Mais la Cour suprême n’écarte pas pour autant la possibilité de la mise en oeuvre de la responsabilité délictuelle des constructeurs postérieurement à l’expiration de la garantie décennale, en cas « de faute extérieure au contrat », notion introduite par un arrêt du 30 mai 1978 (5), sans doute pour tenter de renforcer le prétendu caractère délictuel de la faute dolosive à laquelle elle était néanmoins opposée…
On peut espérer qu’à la prochaine occasion la Cour suprême abandonne la formule « sauf faute extérieure au contrat » car il s’agit d’un cas d’école et, en tout état de cause, difficilement sinon impossible à qualifier et à caractériser ; d’ailleurs la jurisprudence n’en donne, dans notre matière, aucun exemple positif, la notion n’étant évoquée que de façon négative.
On remarquera enfin que la Cour suprême emploie la formule selon laquelle la cour d’appel « a pu déduire… » et non celle de « a légalement justifié sa décision… » ou encore « a à bon droit (ou exactement) énoncé que… ».

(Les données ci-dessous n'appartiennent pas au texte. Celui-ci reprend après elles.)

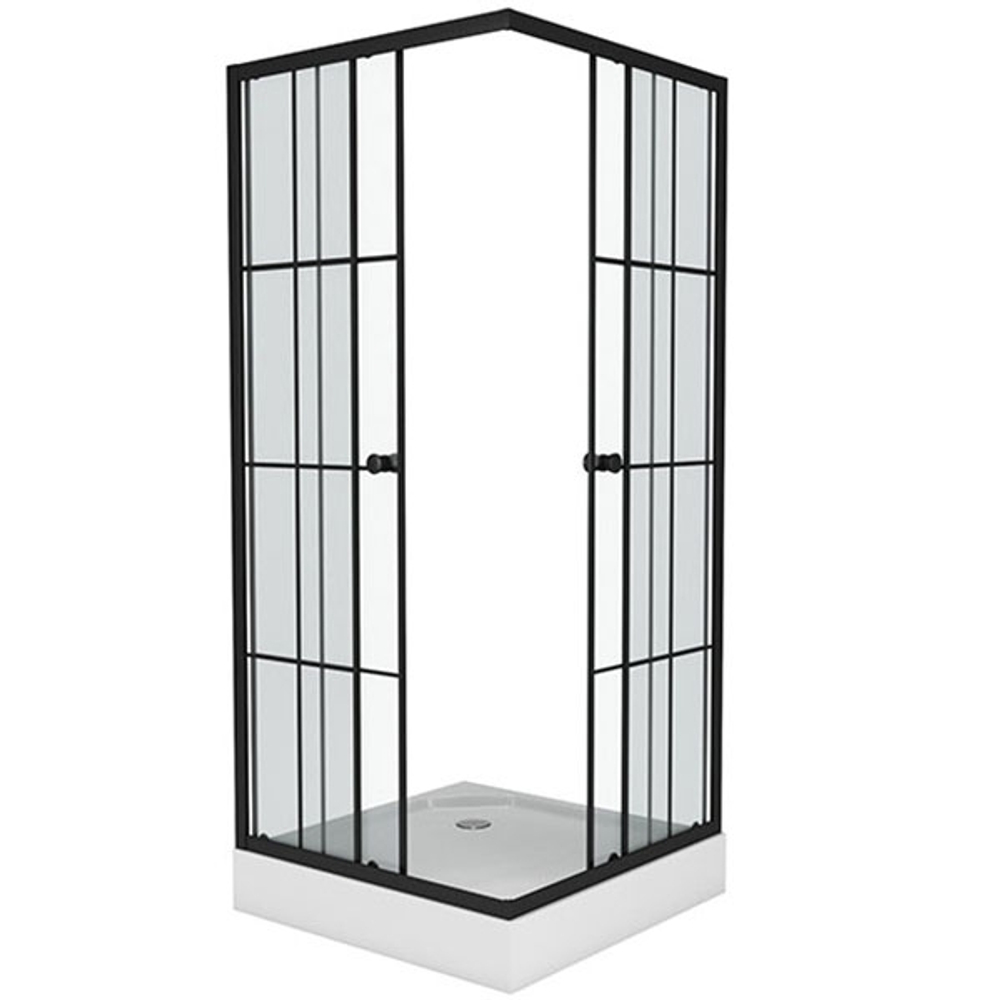 Душевой уголок Niagara Nova NG-0180-14 80х80 профиль Черный стекло прозрачное с принтом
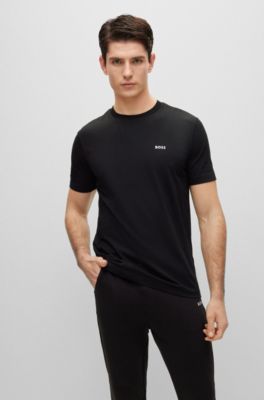 BOSS - Cotton-jersey regular-fit T-shirt with logo prints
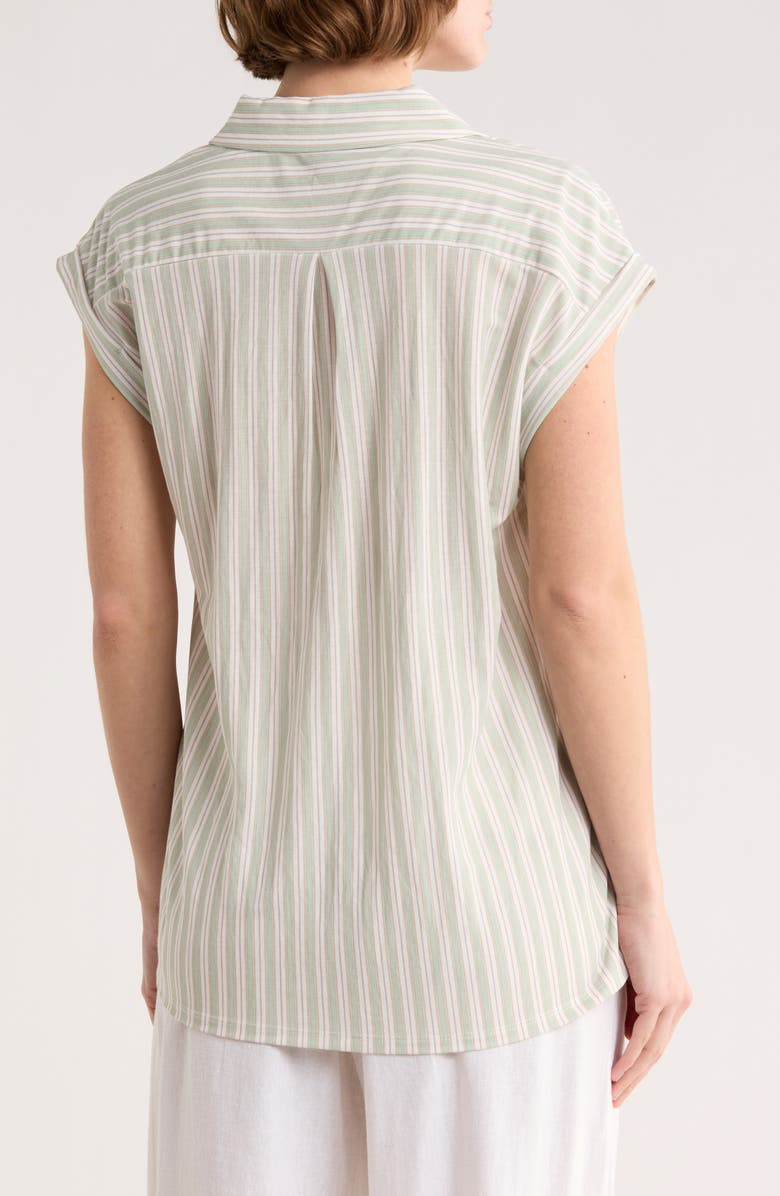 Bobeau Short Sleeve Knit Top, Alternate, color, Green Stripe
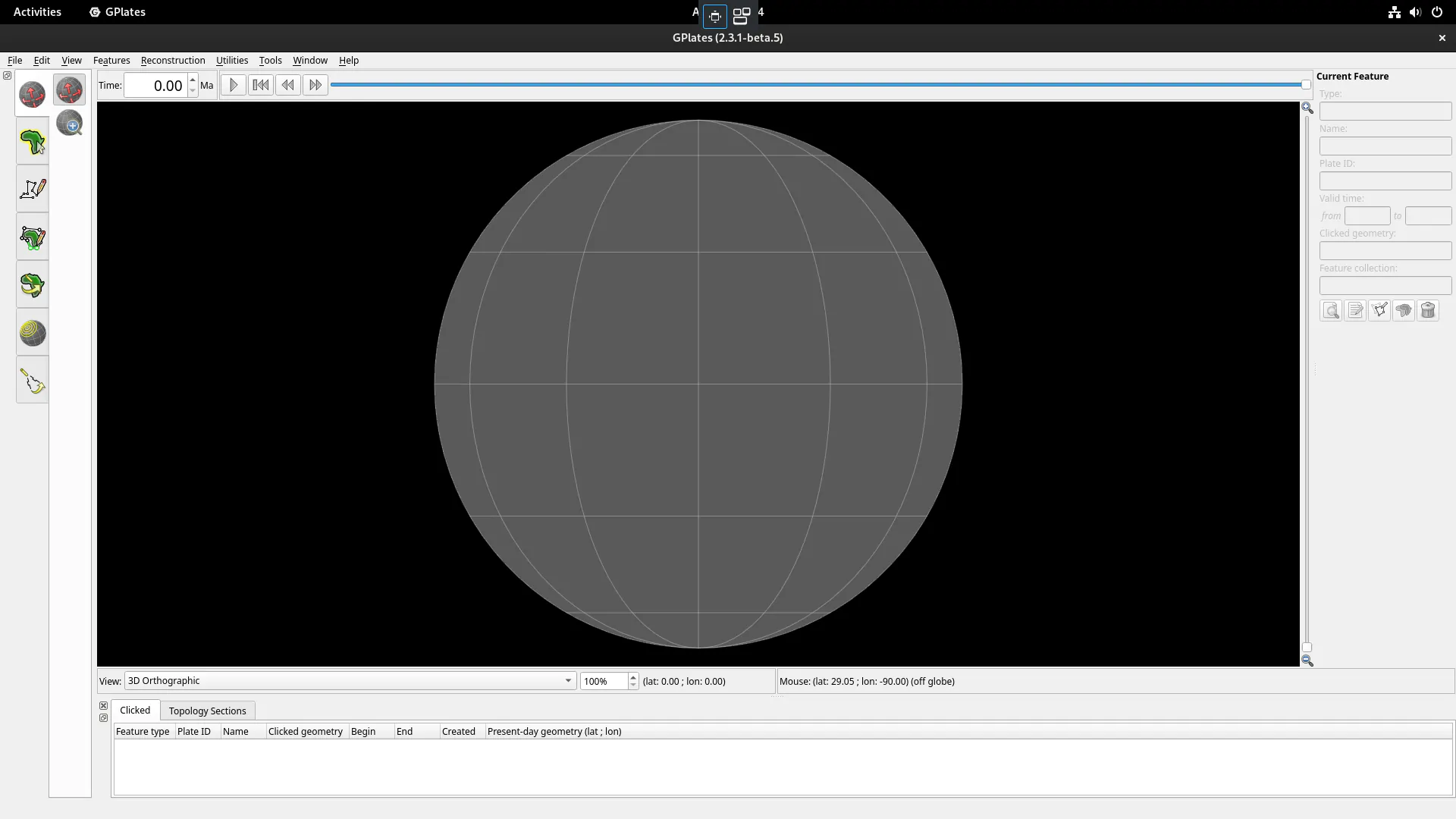 GPlates running on a Fedora 38 container in Fedora 38 Silverblue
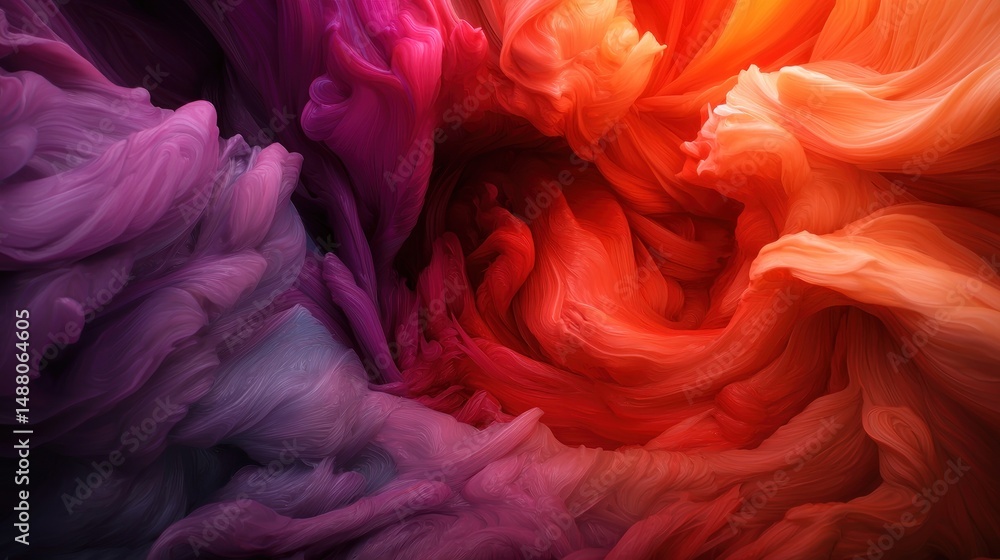 Poster swirling colorful abstract patterns representing motion and energy in a vibrant space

La validation de l’arrêt de la Cour d’appel de Paris, frappé de pourvoi, est en conséquence opérée par suite « d’un contrôle léger », traditionnel d’ailleurs en matière de faute, la Cour vérifiant seulement la cohérence des faits sur lesquels la cour s’est fondée, ledit contrôle léger de motivation n’enlevant rien au principe énoncé dans le « chapeau » de l’arrêt.

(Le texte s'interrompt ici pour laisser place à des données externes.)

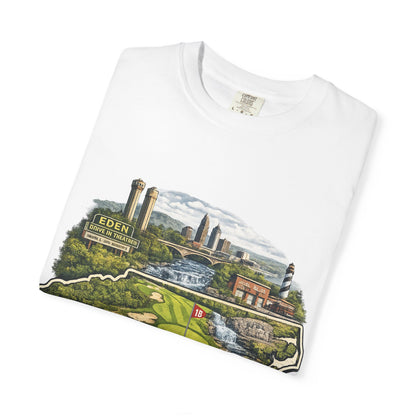 T-Shirt — 'Eden Made' Scenic Cityscape Tee (Vintage Travel/Local Pride)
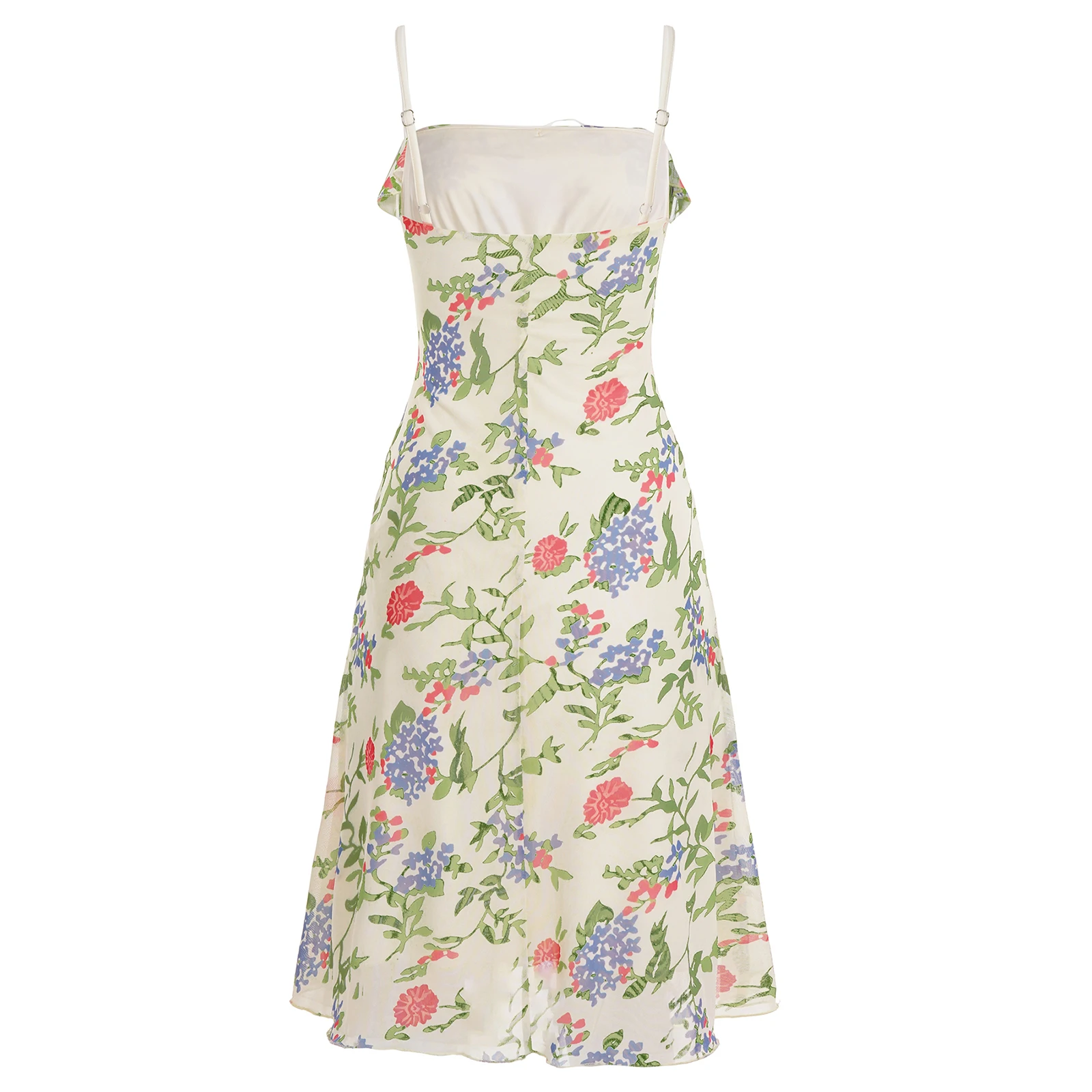 ชุดเดรสฤดูร้อนของผู้หญิงมิดิ คามิแขนกุดเปิดหลังพิมพ์ลายดอกไม้ชุดสายสปาเก็ตตี้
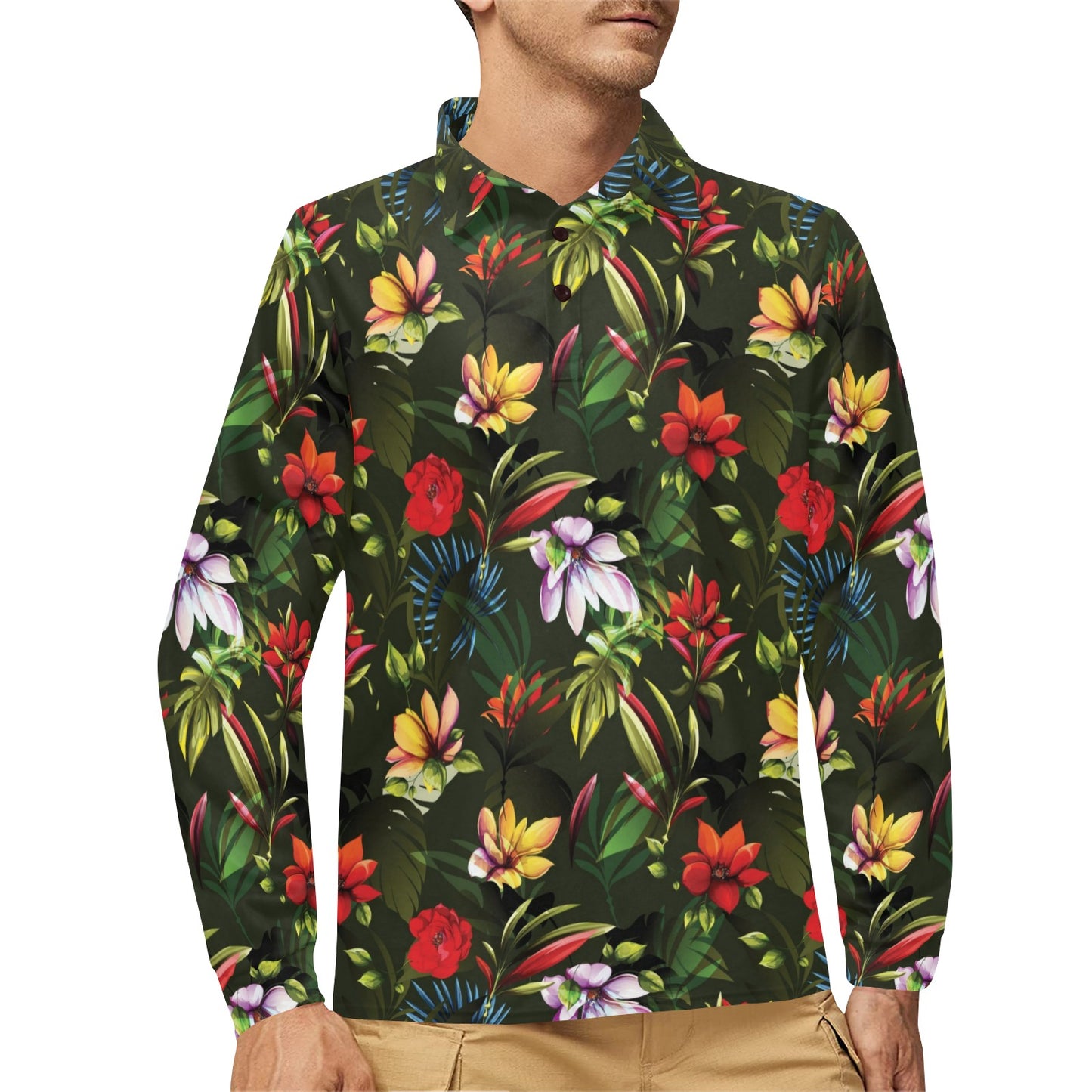 Magnolia Pattern Print Design 02 Long Sleeve Polo Shirt For Men's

Si la validation est intervenue dans les termes ci-dessus rappelés, c’est sans doute en raison – à lire l’arrêt de la Cour de Paris et les différents mémoires produits devant la Cour de cassation – de ce qu’il n’était pas certain que l’entrepreneur et le maître d’oeuvre aient, de facto, commis une faute dolosive, le changement de la nature des fondations ayant été opéré, semble-t-il, sinon avec l’accord exprès du vendeur d’immeuble à construire, du moins en toute connaissance de celui-ci lequel, lors de la vente, puis lors de la réception de l’ouvrage, n’ignorait pas la non-conformité des fondations aux documents contractuels.

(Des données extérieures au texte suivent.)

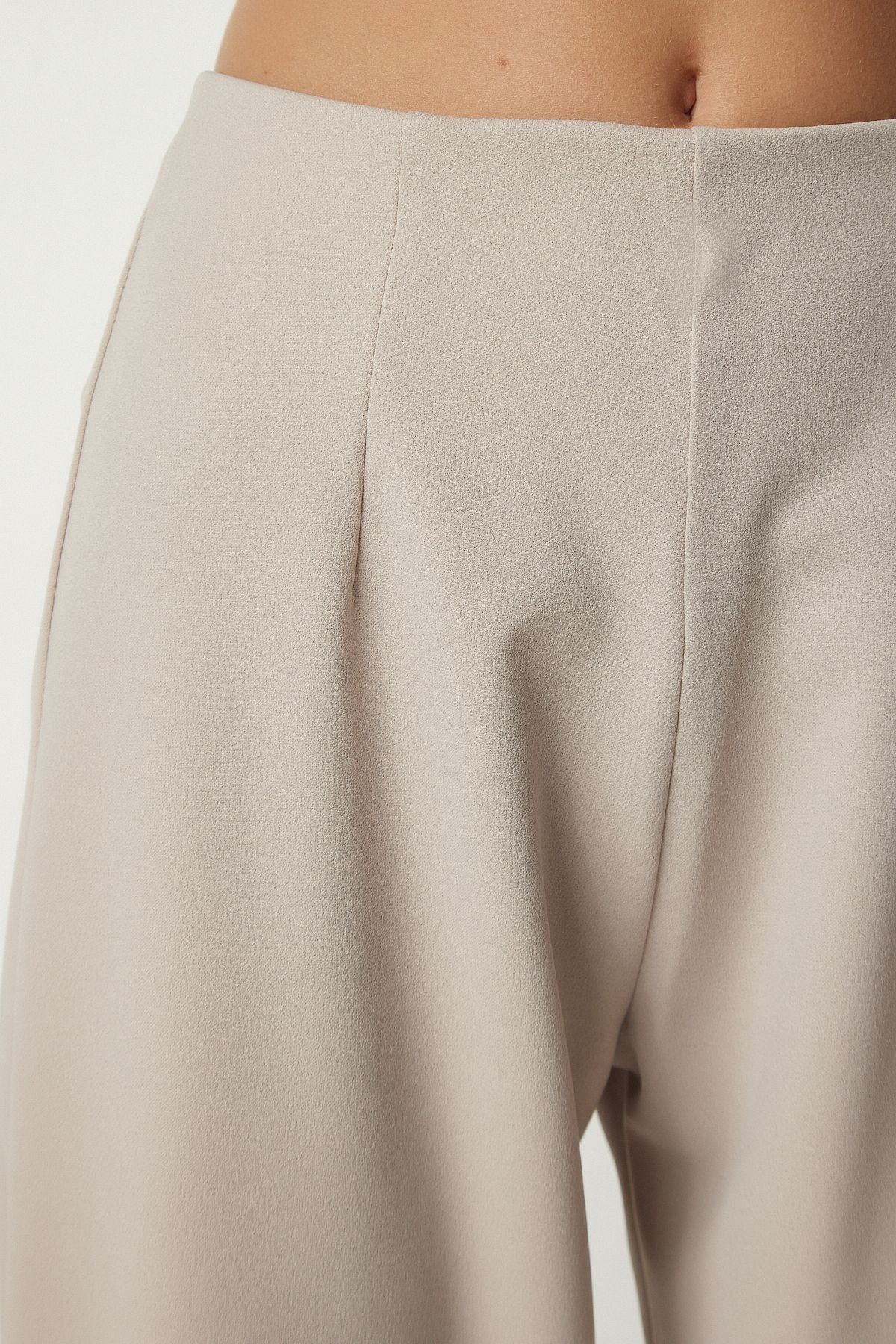 Female Beige Casual Woven Shalwar Pants MS00014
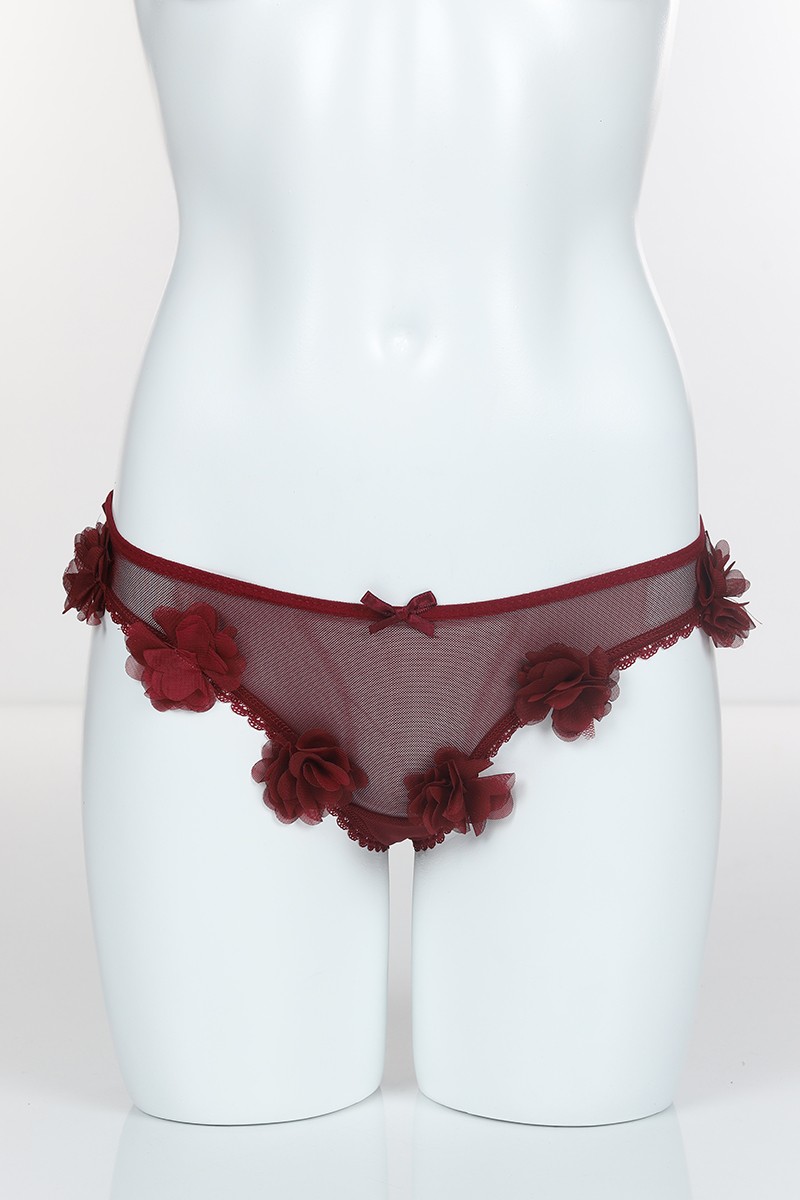 Bordo 4064 Komple Tül Paçalar Çiçekli Tanga 101763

En tout cas, si dépassant le cas d’espèce considéré, on devait s’interroger sur ce que serait la juste solution dans le cas ci-avant envisagé, à savoir : inexécution de ses obligations contractuelles par un locateur d’ouvrage, en toute connaissance de cause du maître de l’ouvrage, voire avec l’accord de celui-ci, il est clair que dans une telle hypothèse l’acquéreur de l’ouvrage ne pourrait recourir valablement contre les locateurs d’ouvrage sur le fondement de la faute dolosive contractuelle, en l’absence justement de toute dissimulation ou fraude ; en revanche, l’acquéreur pourrait rechercher son vendeur sur le fondement de la faute dolosive contractuelle si l’inexécution des obligations contractuelles des constructeurs avait été scellée, de propos délibéré, par ledit vendeur, par dissimulation ou fraude. Une telle solution, logique dans la mesure où la responsabilité du vendeur d’immeuble à construire est « calquée » sur celle du locateur d’ouvrage, ne saurait à notre avis être affectée par le caractère spécifique de la vente d’immeuble à construire qui ne commande l’éviction du droit commun de la vente qu’en ce qui concerne la garantie des vices cachés de la chose vendue, au profit des garanties légales édictées par les articles 1792 et suivants du code civil ; l’arrêt de la Cour de Paris, validé par la Cour suprême, « aligne » d’ailleurs, compte tenu des circonstances de l’espèce, la responsabilité du vendeur d’immeuble à construire sur celle des locateurs d’ouvrage.
Bien évidemment la cassation est prononcée pour défaut de motivation de la condamnation prononcée à l’encontre des différents assureurs qui avaient soutenu ne pas garantir la faute dolosive. Sur ce point, l’arrêt rapporté ne peut aussi qu’être approuvé ; la cassation était d’ailleurs inévitable, à l’inverse de la solution retenue relativement à la définition de la faute dolosive et à la nature de celle-ci (délictuelle ou contractuelle), Monsieur Weber n’ayant pas exclu dans ses conclusions que la Cour suprême veuille s’en tenir à sa jurisprudence antérieure à cet égard.